The basics of boxplots
A boxplot is a type of chart that is often used in data science to visually display a dataset’s distribution. It consists of a “box” that is defined by the upper and lower quartiles of the dataset.
The “whiskers” extending from the box represent the range of the data, while the line through the center of the box represents the median. The Interquartile Range (IQR) is the distance between the upper and lower quartiles.
One of the key things that boxplots are used for is identifying outliers. Outliers are data points that are unusually high or low compared to the rest of the dataset. Boxplots usually depict outliers as points outside the whiskers, and it’s important to take note of them as they can skew your analysis.
Reading a boxplot
When reading a boxplot, it’s important to pay attention to the different components and what they represent. The median line in the center of the box will tell you the midpoint of the dataset, while the quartiles can tell you how the data is distributed. Within the ‘box’ is the middle 50% of data.

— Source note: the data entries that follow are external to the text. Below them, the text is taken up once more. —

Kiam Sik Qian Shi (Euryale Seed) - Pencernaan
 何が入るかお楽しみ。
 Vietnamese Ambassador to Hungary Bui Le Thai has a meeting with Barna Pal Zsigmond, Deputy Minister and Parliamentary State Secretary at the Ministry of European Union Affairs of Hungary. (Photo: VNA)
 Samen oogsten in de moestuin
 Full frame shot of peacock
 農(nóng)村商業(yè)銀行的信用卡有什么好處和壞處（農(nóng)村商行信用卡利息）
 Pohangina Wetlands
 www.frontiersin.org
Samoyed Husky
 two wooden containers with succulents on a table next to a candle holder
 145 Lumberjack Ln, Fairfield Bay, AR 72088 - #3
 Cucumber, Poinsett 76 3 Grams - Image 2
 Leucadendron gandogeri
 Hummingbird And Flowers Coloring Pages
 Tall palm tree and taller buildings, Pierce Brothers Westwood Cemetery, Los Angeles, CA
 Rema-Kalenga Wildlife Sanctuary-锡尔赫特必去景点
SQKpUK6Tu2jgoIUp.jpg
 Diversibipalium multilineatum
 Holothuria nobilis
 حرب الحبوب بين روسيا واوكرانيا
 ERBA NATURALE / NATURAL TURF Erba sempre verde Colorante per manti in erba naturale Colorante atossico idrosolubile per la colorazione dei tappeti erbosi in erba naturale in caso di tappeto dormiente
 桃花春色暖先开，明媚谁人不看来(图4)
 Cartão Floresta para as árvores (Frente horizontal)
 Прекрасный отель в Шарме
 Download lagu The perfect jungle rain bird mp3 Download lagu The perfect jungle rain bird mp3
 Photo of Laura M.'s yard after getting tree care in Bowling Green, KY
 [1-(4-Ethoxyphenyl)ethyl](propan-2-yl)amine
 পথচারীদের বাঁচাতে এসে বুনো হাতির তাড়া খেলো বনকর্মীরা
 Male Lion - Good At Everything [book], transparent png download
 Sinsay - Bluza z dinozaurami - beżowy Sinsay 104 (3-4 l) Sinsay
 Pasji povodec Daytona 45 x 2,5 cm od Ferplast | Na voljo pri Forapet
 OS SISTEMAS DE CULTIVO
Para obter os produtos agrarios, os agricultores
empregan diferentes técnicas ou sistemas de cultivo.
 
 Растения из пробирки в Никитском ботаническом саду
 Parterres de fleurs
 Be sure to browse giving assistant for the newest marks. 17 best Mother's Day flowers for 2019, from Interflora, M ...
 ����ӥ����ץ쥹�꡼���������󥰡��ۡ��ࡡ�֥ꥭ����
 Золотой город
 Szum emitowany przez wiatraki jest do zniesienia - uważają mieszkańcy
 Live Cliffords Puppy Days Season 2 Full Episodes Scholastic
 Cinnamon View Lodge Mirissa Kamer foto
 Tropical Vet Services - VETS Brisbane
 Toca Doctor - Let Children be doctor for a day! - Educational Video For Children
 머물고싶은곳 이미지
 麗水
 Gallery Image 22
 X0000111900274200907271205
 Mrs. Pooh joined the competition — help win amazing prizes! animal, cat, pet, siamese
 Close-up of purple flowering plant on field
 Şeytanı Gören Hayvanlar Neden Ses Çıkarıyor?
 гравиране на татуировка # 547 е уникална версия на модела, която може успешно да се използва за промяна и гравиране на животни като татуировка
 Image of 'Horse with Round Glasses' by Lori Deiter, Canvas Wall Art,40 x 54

To calculate the whiskers, you’ll want to use the Interquartile Range (IQR). Typically, the upper whisker will be located at the smaller of either the maximum data value or Q3 + 1.5(IQR), where Q3 is the upper quartile. The lower whisker is typically located at the larger of either the minimum data value or Q1 – 1.5(IQR), where Q1 is the lower quartile.
As an example, if you have a dataset with a lower quartile of 20, an upper quartile of 30, and an IQR of 10, the upper whisker will be located at 45 (30 + 1.5(10)) and the lower whisker will be located at 5 (20 – 1.5(10)).The whiskers are known as the ‘maximum’ and ‘minimum’ points on your graph, but you may still have data points beyond these – they are known as ‘outliers’.
What is a scatter plot
A scatterplot shows us the relationship between two continuous variables. It’s often the first step in visualizing correlations in your data. Correlation is the degree to which two variables are seemingly related, like how long you spend working out at the gym and how many calories you burn.
But sometimes things can be correlated but unrelated, like ice cream sales and shark attacks. Both happen to increase in summer, but one doesn’t cause the other.
When to use a scatter plot
When should you use a scatter plot? Let’s say we have a sample of observations. For each observation we have two measurements – both should be continuous variables. As an example, we could have data on weight and the amount of swimming time it takes to fatigue. We want to know if lighter mice can swim for longer than heavier mice.
To plot the data, we use a scatter plot. Each dot represents both the weight of the mouse and minutes spent swimming. If weight is on the X-axis, the horizontal line, then the further to the right the dot is, the more the mouse weighs. And the higher the dot is on the Y-axis, the line pointing vertically, the longer the mouse swims.
As an aside, mice can swim for a super long time. Some for over ten hours, because they’re naturally very buoyant. But please don’t go throwing any into the bathtub.